Now don't get me wrong. I'm totally in favour of free speech. Absolutely. But not when it encourages hate towards non-white races, the Islamic religion, or the female gender. This kind of thing has to be stopped – and stopped now.
I long for a better-mannered and more innocent time. I played soccer and rugby for many years and I can tell you honestly, hand on heart, that during this time I never heard anything so vile as what Keyes and Gray spewed forth. In fact, while we engaged in the normal manly banter, whenever the subject of the fair sex came up a respectful hush fell over the dressing-room. The only terms I can remember were along the lines of ‘a splendid young lady’, ‘a fine mind’, while ‘virtuous’ was the most prized attribute of all.
And, unlike the thuggish Keyes and Gray, reference to female physical qualities were strictly eschewed. Ok, I did on occasion hear reference to some lady having ‘delicate hands’, but the look from the rest of the team quickly terminated this line of talk, I can assure you. Even the suggestion that one chap’s fiancée would ‘make a wonderful mother’ elicited a stony glare in response to what would have been perceived back then as an unwarranted personal intrusion.
Just like the ‘Reverend’ Martin Luther King, I too have a dream. A dream where the likes of Gray and Keyes have returned to their caves, never to emerge. But I want more. I want to see the curse of genderism banished from sport entirely.
First I want to see a slender female hunker down in Ireland’s front row beside Jerry Flannery for our next rugby international. Why not? Women now have their rightful place in hitherto ‘manly’ sports, and God knows, she’d hardly be much worse than Tony Buckley or John Hayes.
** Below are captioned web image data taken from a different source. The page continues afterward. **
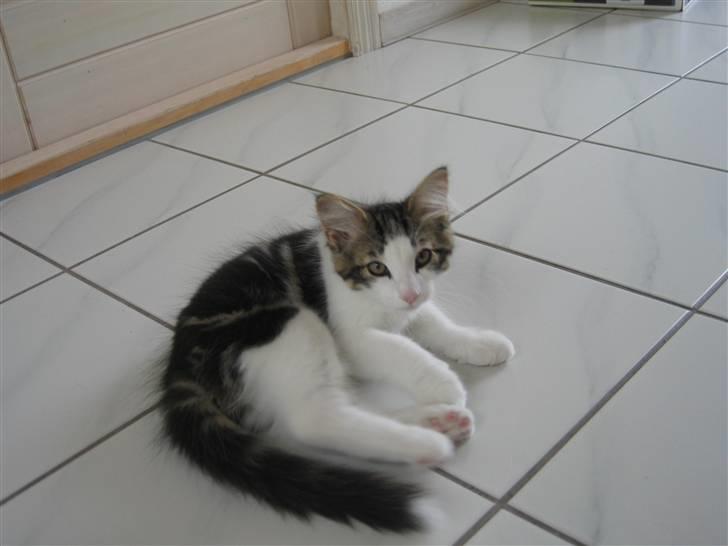 Norsk Skovkat valde billede 7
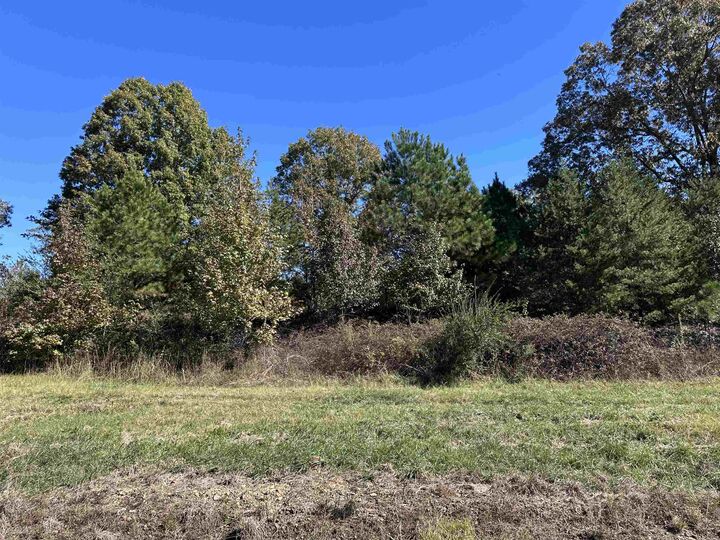 Property Photo: 01 Co Hwy 195 AL 35565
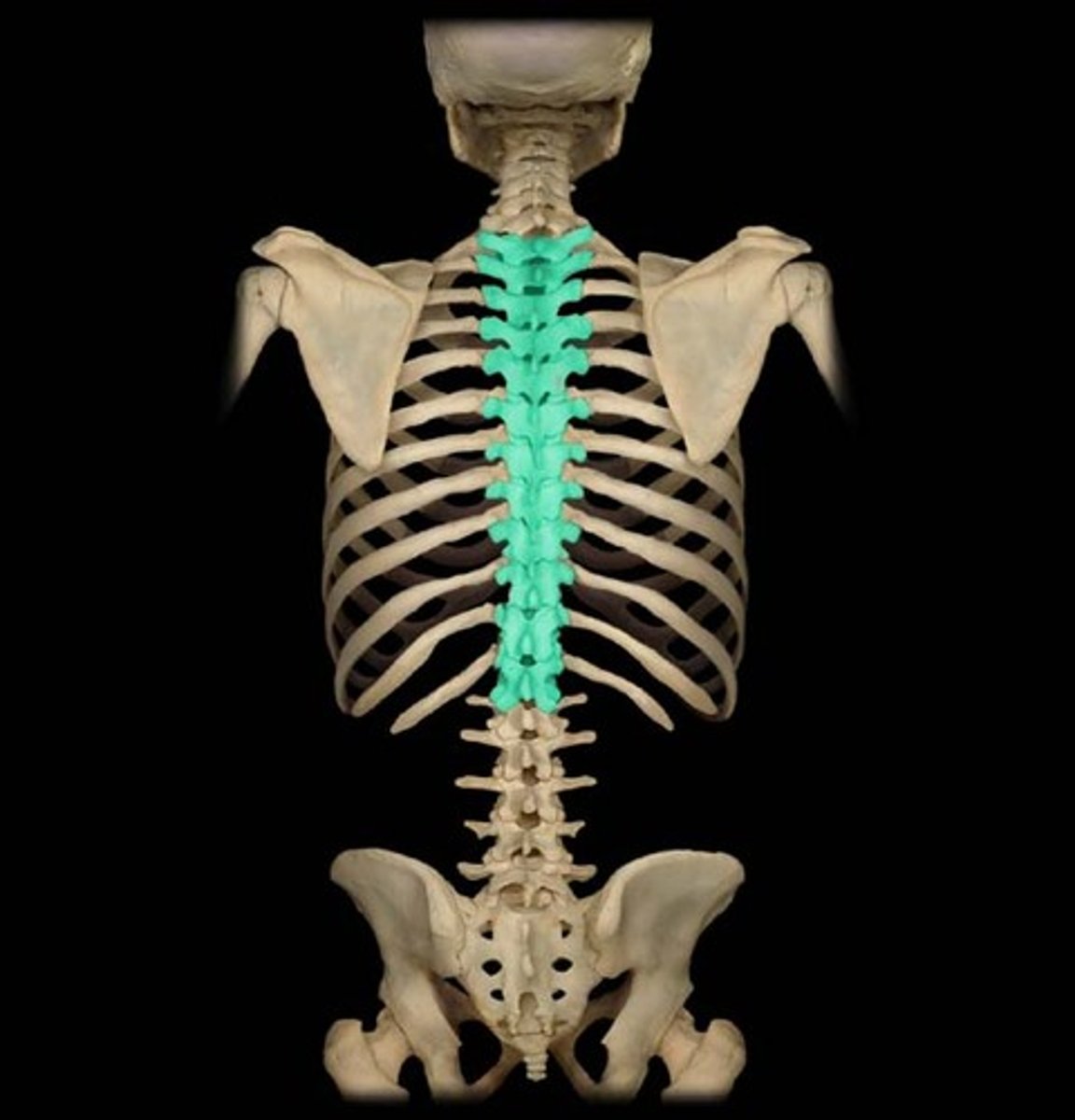 <p>provides support for body by forming column with other bodies known as centrum. Thoracic region.</p>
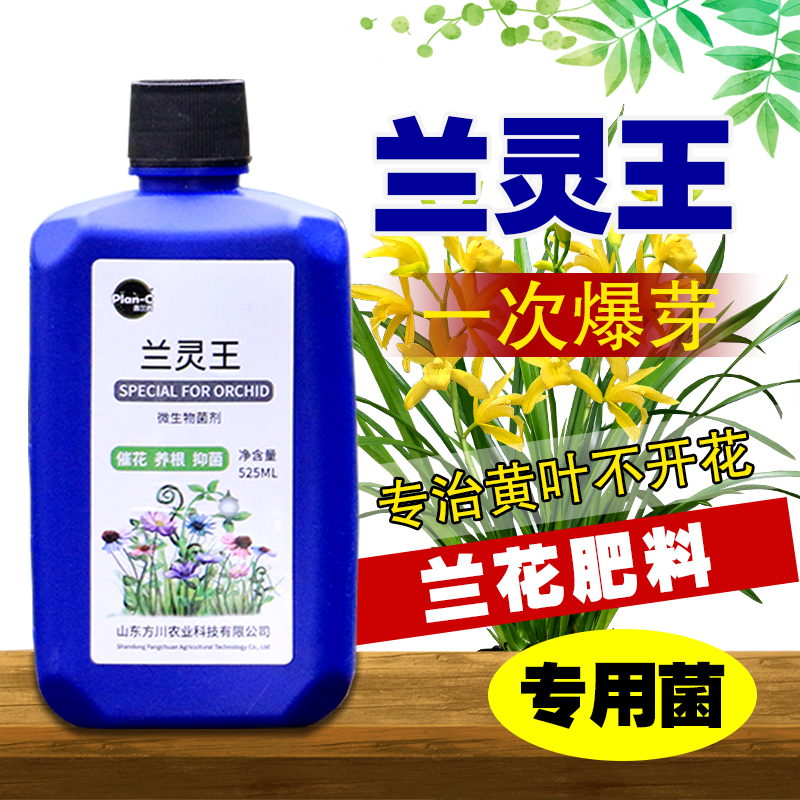 蝴蝶兰花专用肥料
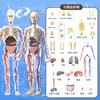 HYEANHLPYE Human Anatomy Model Toy, Transparent Full Body Human Blood Vessel Model Toy, Mannequin, Removable Organs and Skeleton Model, Disassembly Pu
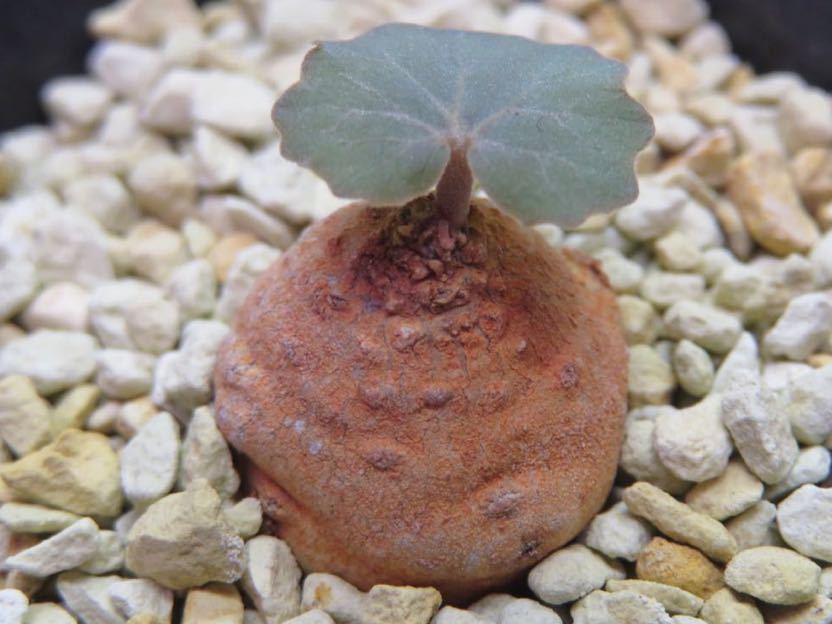69 Dorstenia barnimiana Wongonyi ドルステニア バルニミアナ サボテン 多肉植物　塊根　コーデックス 塊茎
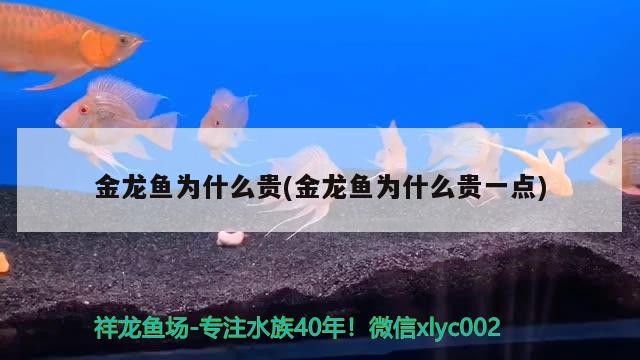 金龍魚為什么貴(金龍魚為什么貴一點) 蝴蝶鯉魚苗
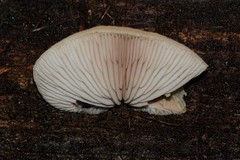 Crepidotus nephrodes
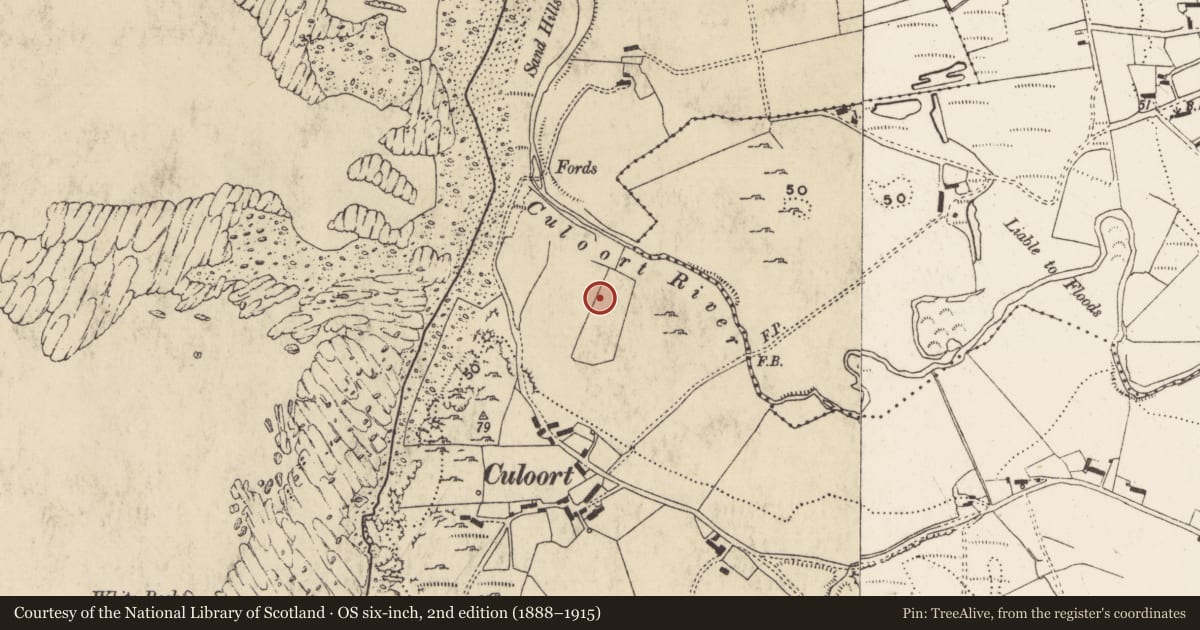 Ordnance Survey six-inch map, 2nd edition (1888–1915) covering the location of Burial ground, Culoort, County Donegal, with a pin at the register's coordinates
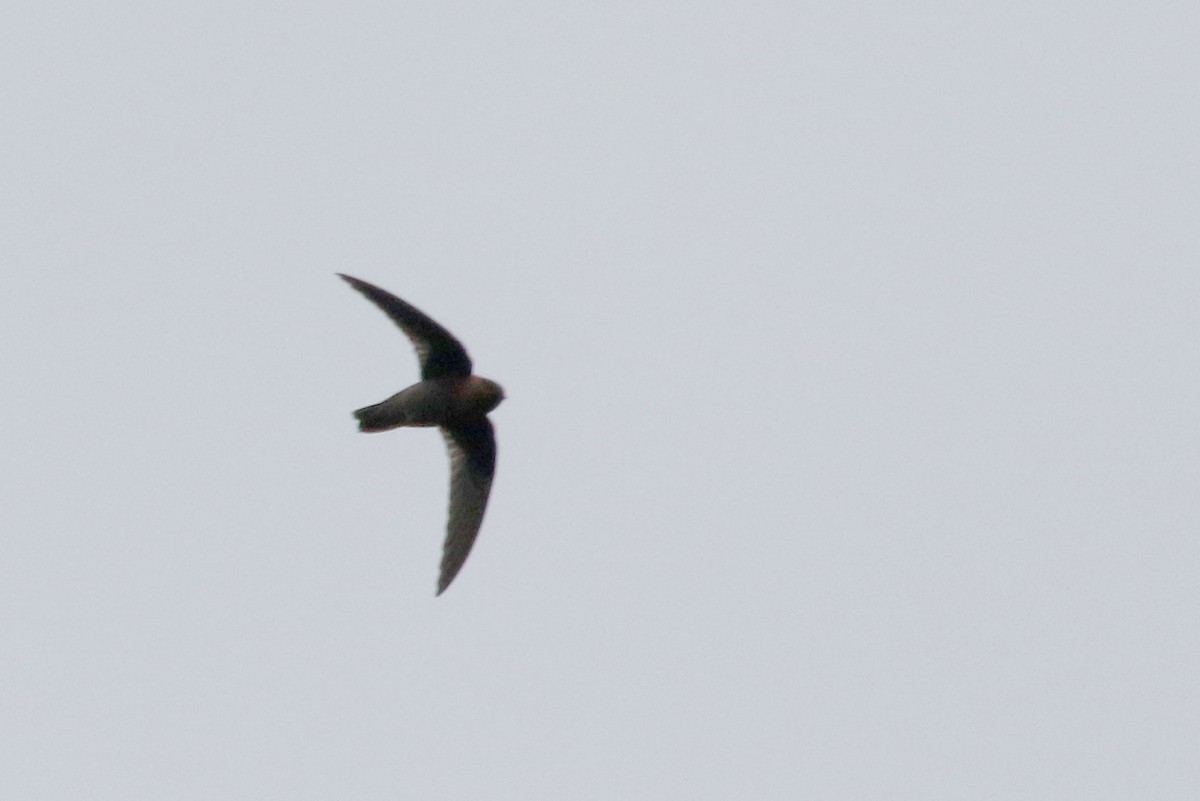 Chestnut-collared Swift - ML175693551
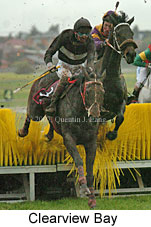 Clearview Bay (14872 bytes)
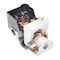 T Series Standard Motor Products, Headlight Switch,  DS155T - alternate 1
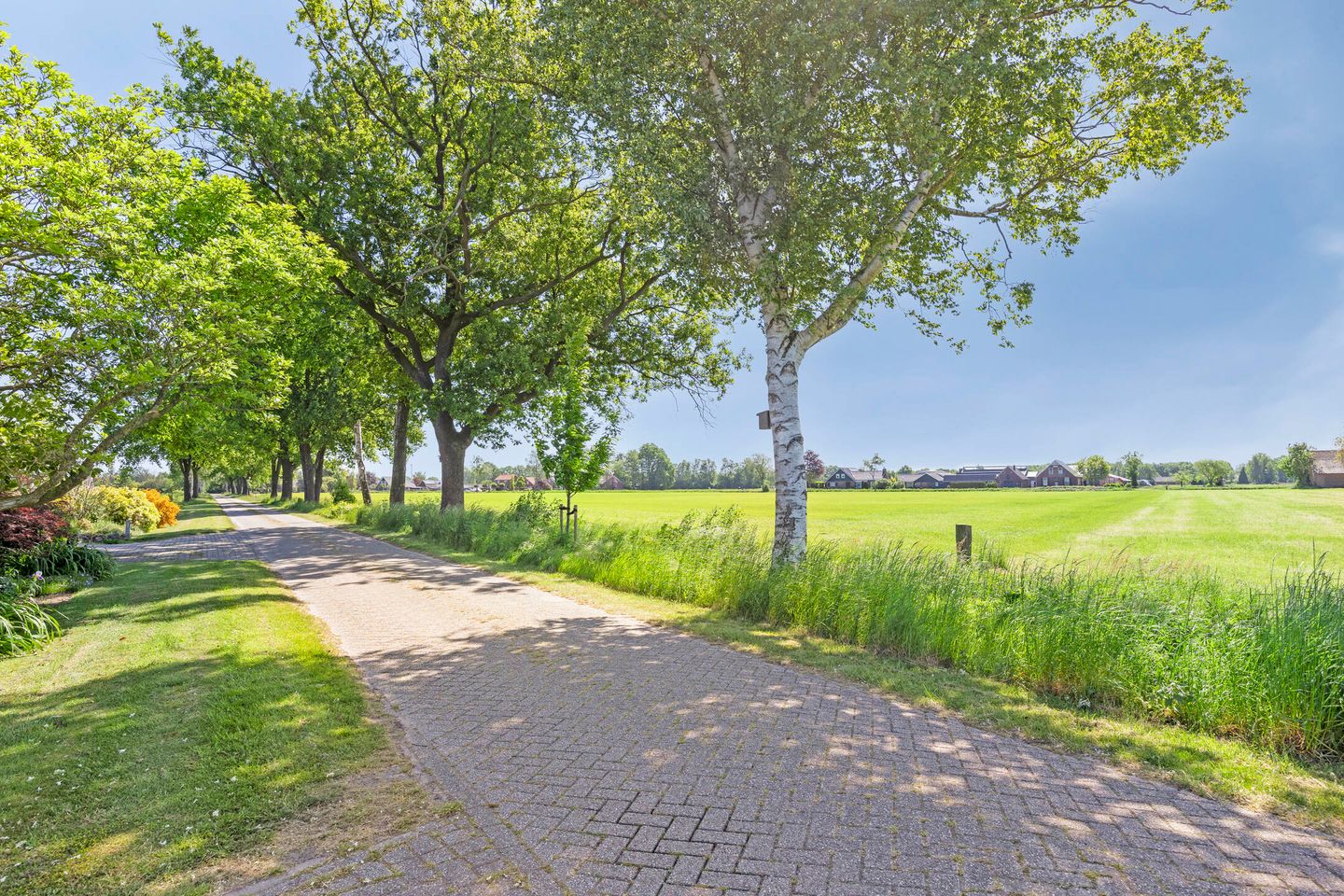 Photo 5 of Potronsdijk 3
And why not have our own world ladies boxing champion Katy Taylor take on current World Heavyweight Champion David Haye for the Unisex World Boxing Championship (UWBC)? Imagine the excitement at that!
And why not take it beyond sport? And beyond gender? What about the pernicious ageism that blights everything we see, especially beauty contests? Beauty is in the eye of the beholder, and, as we’re told repeatedly, is ageless. And it reflects what’s inside, not the superficial and transient externals.
With that in mind I nominate my beloved Aunt Gemima for the next Miss World competition. If the judges could just free their minds from stereotypical sexism and ageism, she’d wow them as she sashayed down the catwalk – which would of course have been modified to accommodate her Zimmer frame.
These are just a few modest personal suggestions. I'm sure you could all come up with some more if only you could free your benighted minds.
And in conclusion, I’m told that Sky Sports plan to replace the two troglodytes with a female anchor. I fully endorse this appointment. Especially if she turns out to have big tits.